05% Quiz (higher score)
10% Quiz (lower score)
20% Four-page essay
10% Research project
15% Midterm examination
20% Final examination
20% Class participation
The quizzes will be given in class on unannounced dates. They will be simple tests of your diligence in keeping up with and comprehending the assigned reading. The essay, a four-page typed, double-spaced (ca. 1,000 words) discussion of a topic assigned by the instructor, will serve as an exercise in analytical prose and critical historical interpretation. One of three possible due dates will be assigned to you randomly. A handout of pointers about how to write an essay will be distributed shortly after the semester begins. The research project will be a simple, structured exercise in finding and interpreting primary historical materials; full instructions will be handed out early in the semester, and the research reports are due in not later than 03 December. The midterm and final will be tests of your ability to integrate the materials of the course into your own critical historical interpretation. They will be in-class, open-notes, closed-book exams. (If a majority of the class wishes it, the final will be handed out in advance, and a take-home option may be added for it.) At the instructor's option, students with exemplary scores near the end of the semester may be exempted from the final examination. The best preparation for the exams is full and responsible participation in class discussions, which provides an opportunity to subject your ideas to public scrutiny. This is such an important element of history that class participation is factored materially into the grade. Indeed, the success of the course depends critically upon each student attending class religiously, completing the readings before class, and participating actively in the discussions. I do not require class attendance, but if you choose to skip class without cause, you risk missing a quiz and you lessen the cumulative total of your opportunities to earn a good class participation grade.

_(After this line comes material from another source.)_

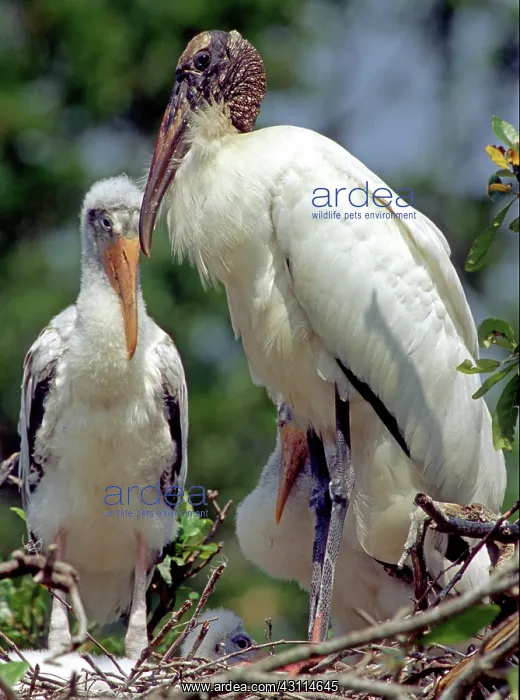 : Wood Storks : Wood Storks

Students are required to submit a page of reflections on the current week's readings at the beginning of class for weeks 2 through 13 (see Schedule below), and they are encouraged to write an anonymous one-paragraph evaluation of the week's work at the end of the last class for the week. A handout of pointers about how to write a weekly reflection will be distributed shortly after the semester begins. The number of one-page reflections submitted will be factored into the class participation grade, but their content will not be graded; they provide writing practice for the student, encourage the taking of notes that will be useful for the exams, and allow the instructor to monitor progress in the course. As time permits, the instructor may or may not write comments on all the submitted reflections each week.

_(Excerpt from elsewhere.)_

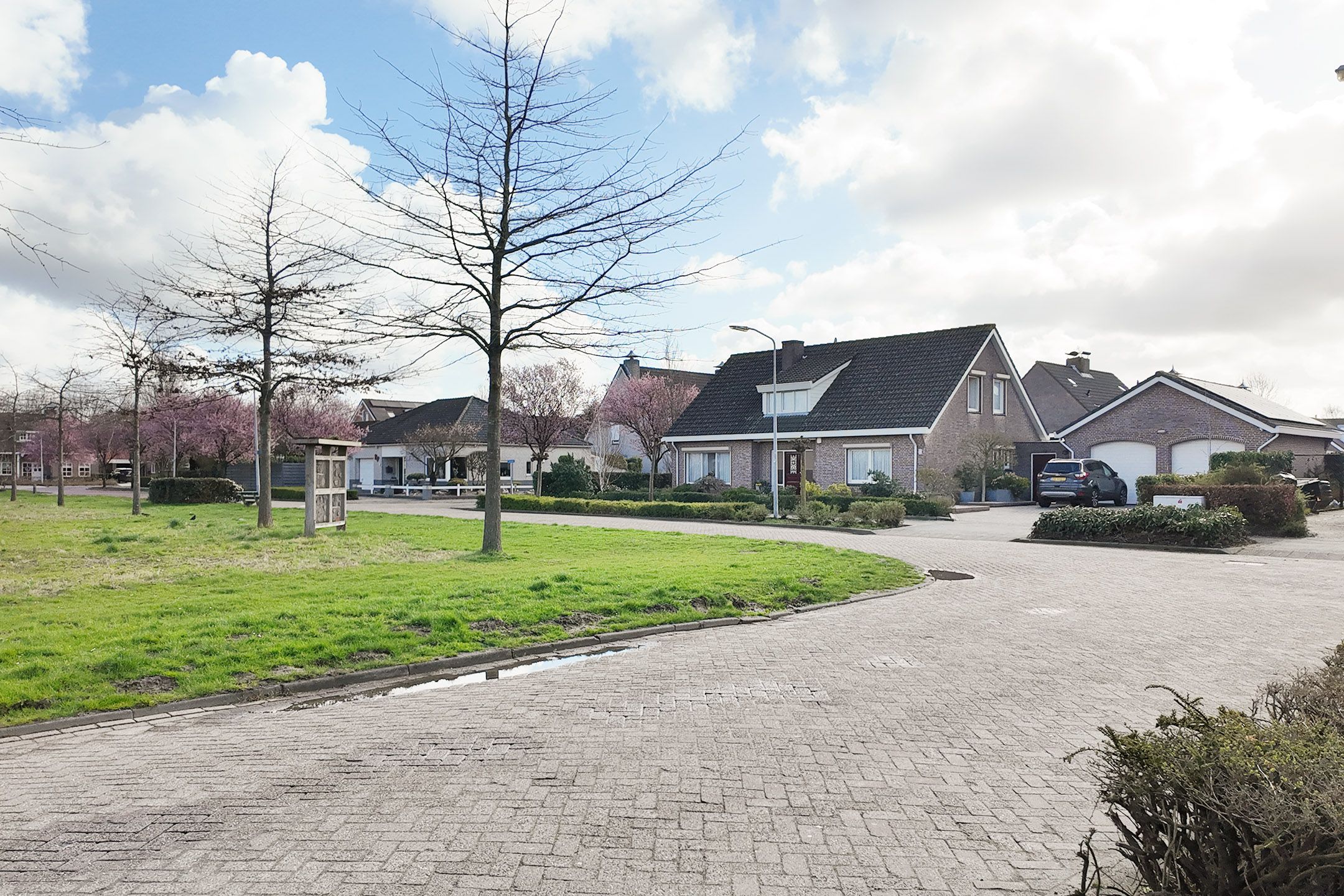 Foto 81 van Oesterzwam 33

The instructor will be the discussion leader of last resort, but once during the semester, each student will help the instructor direct the weekly discussion by being a discussion assistant. In most weeks, after the instructor says a few words, the discussion assistant or assistants will launch the discussion period with brief opening remarks, provocative questions, and an attempt to draw out analysis from others, starting with an attempt to establish the main arguments of the assigned readings for the week. During the ensuing discussion, they will serve as agents provocateurs, asking further questions, correcting classmates, and challenging the interpretations of the readings, the students, and even the instructor. A handout of pointers about how to be an effective discussion assistant will be distributed shortly after the semester begins. You will pick your week for this assignment on 03 September.

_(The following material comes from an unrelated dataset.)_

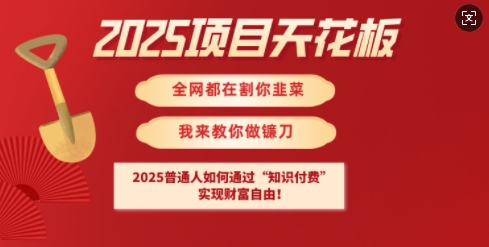 2025项目天花板普通人如何通过知识付费，实现财F自由【揭秘】-kf网创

Essays and research reports will not go straight from student to instructor. Instead, each student will be paired with a classmate who will serve as her or his editor, and the editor will get the submission first. It will be the editor's job to supply the student with constructive marginal comments concerning the style and the content of the submission. This procedure both gives students experience at editorial criticism and makes it possible for the instructor to make this course more writing-intensive. Editors may also review other submissions, though this is optional. Guidance will be provided to editors in class, there will be a handout of relevant writing tips, and the assigned text by Strunk and White gives pithy, timely advice, for which you will be held responsible in your written work. A sign-up sheet for editorial pairings will be available on 03 September. Write your name at the end of each draft you edit for your partner, and staple the edited draft of your own work to the back of your polished essay, or research report, when you submit it for grading. When your graded essay or research report is returned to you, be sure to show your editor the instructor's comments about the editing job.

If you are unhappy about your grade on any component of this course, please let the instructor know so that mistakes and misunderstandings can be minimized. The Rensselaer Handbook explains grade appeals that go beyond negotiations between the instructor and the student.


Schedule.

Will will add roughly one hour of class per week, though these hours may be bunched into multi-week chunks rather than spread out evenly over the semester.

Readings from sources other than the texts will be on reserve in Folsom Library.

1. August 27--Definitions and objectives; truth versus good judgment.

Reading:

  • Carr, chapters 1 and 4.
2. September 3--It's not just the universal solvent.

Reading:

  • Illich, entire.
3. September 10--Aboriginals and Europeans interact.

Reading:

  • William Cronon, Changes in the Land: Indians, Colonists, and the Ecology of New England (New York: Hill and Wang, 1983), chapter 4.
  • Theodore Steinberg, Nature Incorporated: Industrialization and the Waters of New England (Cambridge: Cambridge University Press, 1991), chapter 1.
  • McEvoy, chapters 1 through 3.
4. September 17--Improvements I: Canoes, canals, and covered bridges.

Reading:

  • Shaw, chapters 1 and 2.
  • Carol Sheriff, The Artificial River: The Erie Canal and the Paradox of Progress, 1817-1862 (New York: Hill and Wang, 1996), chapters 1 and 2.
  • McCullough, chapters 1 through 3.
5. September 24--Improvements II: Regional control of plentiful water.

Reading:

  • Shaw, chapters 4 and 5.
  • Sheriff, The Artificial River (see week 4 above), chapters 3 and 4.
  • McCullough, chapter 4.
6. October 1--Fountains of industry I: The desert's golden bloom.

Reading:

  • Worster, chapters I through III.
  • McCullough, chapters 5 and 6.
7. October 8--Fountains of industry II: National canals and national disasters.

Reading:

  • Shaw, chapters 6 and 7.
  • Sheriff, The Artificial River (see week 4 above), chapter 6 and epilogue.
  • McCullough, chapters 7 through 9.
October 15--No class.

October 22--Midterm examination (in class, open notes, closed book).

8. October 29--Fountains of industry III: Business, water, and the law.

Reading:

  • Steinberg, Nature Incorporated (see week 3 above), chapters 2 through 4.
  • McEvoy, chapters 4 and 5.
NOTE: Group 1 essays go to editors.

9. November 5--Mechanized water I: Wet desert.

Reading:

  • Worster, chapters IV and V.
NOTE: Group 2 essays go to editors.

NOTE: Revised Group 1 essays due. Coin tosses for Group 1: TH

10. November 12--Mechanized water II: Shrunken ocean.

Reading:

  • McEvoy, chapters 6 through 8.
NOTE: Revised Group 2 essays due. Coin tosses for Group 2: HT

NOTE: Group 3 essays go to editors.

11. November 19--Mechanized water III: Captured river.

Reading:

  • McPhee, chapter on "Atchafalaya."
NOTE: Revised Group 3 essays due. Coin tosses for Group 3: HH

12. November 26--Trouble in paradise I: Water power revisited.

Reading:

  • McPhee, chapter on "Los Angeles against the Mountains."
13. December 3--Trouble in paradise II: Ecology and freedom.

Reading:

  • McEvoy, chapters 9 through 11.
  • Worster, chapters VI and VII.

December 18--Final examination (in class, open notes, closed book), 9:00 a.m.-12:00 noon, Sage 4112.